Bodhidharma
o La disciplina del guerrero Iluminado
La figura de Bodhidharma (llamado
Ta-Mo en China y Budai-Daishi en Japón) resulta controvertida históricamente hablando. Las fuentes
que se refieren a este Maestro y se reconocen como auténticas son:
- Biografías de Monjes
Ejemplares, de Tao-hsuan escrita hacia el 645.
- Los Anales de la Transmisión de la Lámpara
, de Tao-yuan escrita hacia el 1002.
Según estos textos, Bodhidharma nació alrededor
del año 440 en la ciudad de Kanchi, capital del reino Payaba (sur de la
India ). Fue el tercer hijo del rey Simhavarman y brahmín por nacimiento.
Convertido desde joven al budismo, también fue educado en el Arte de la
Guerra , concretamente en el combate sin armas y en la arquería.
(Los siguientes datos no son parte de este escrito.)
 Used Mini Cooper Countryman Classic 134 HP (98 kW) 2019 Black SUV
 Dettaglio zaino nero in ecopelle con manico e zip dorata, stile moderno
Bodhidharma, mostró desde temprana edad
una inteligencia brillante. Empeñado en dominar la doctrina del Mahayana,
abandonó su condición de laico para convertirse en monje.
¿Qué es
el Mahayana?
Por lo común, se acepta que el
budismo se distingue por dos corrientes de pensamiento que se oponen doctrinalmente
a pesar de la común paternidad y dependencia con las enseñanzas
de Gautama. Nos referimos al Mahayana (Gran Vehículo) y al Hinayana (Pequeño
Vehículo).
El ideal Mahayánico, que tanto
interesaba a nuestro protagonista, representa la Doctrina del Corazón
o de la Compasión infinita a todos los seres, reconociendo que todos tienen
la posibilidad de participar de la Iluminación. De ahí que se denomine “Gran
Vehículo”.
Por el contrario, el Hinayana privilegia
la iluminación individual, sin pensar en el resto de los seres.
Así, Bodhidharma, en cuanto alcanzó la
edad adulta, y lamentándose por la escasa divulgación de las enseñanzas
del Buda, en las tierras alejadas, decidió cruzar los Himalayas, para
llegar a China y predicar las enseñanzas del Iluminado.
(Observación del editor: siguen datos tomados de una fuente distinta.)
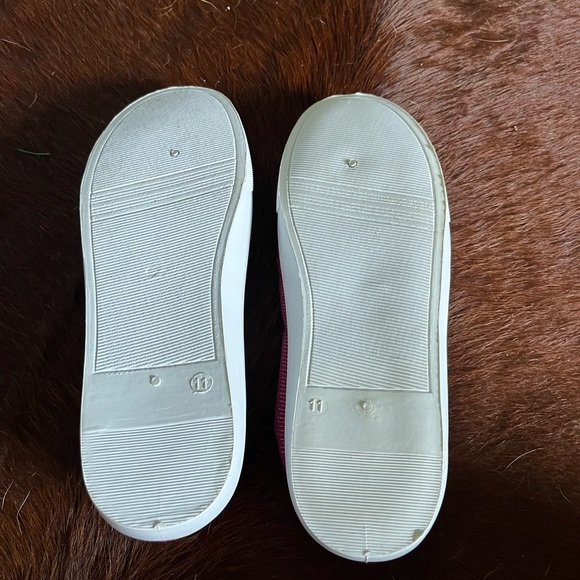 Maurices Slip on shoes - Picture 3 of 6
A su llegada a China, la halló dividida
en dos dinastías. La Wei en el Norte, y la Liu Sung en el Sur, con diferencias
existentes en cuanto a la asimilación del budismo se refiere entre sureños
y norteños, siendo los últimos de corte intelectual y erudito y
poco dados a la práctica.
Tras visitar varios monasterios budistas,
Bodhidharma es invitado a la capital Chienkan, acogido por el emperador Wu, mandatario
de la dinastía sureña. Sin embargo, el encuentro resultó poco
productivo, pues frente a la profunda piedad y esfuerzo en los méritos
que le expuso el Emperador, el venido de la lejana India predicó el origen
de su misión en los siguientes términos: “Una transmisión
especial fuera de las escrituras, con ninguna dependencia de las palabras o de
las letras, dirigiéndose hacia el alma del hombre, contemplar su propia
naturaleza y realizar el estado de Buda”.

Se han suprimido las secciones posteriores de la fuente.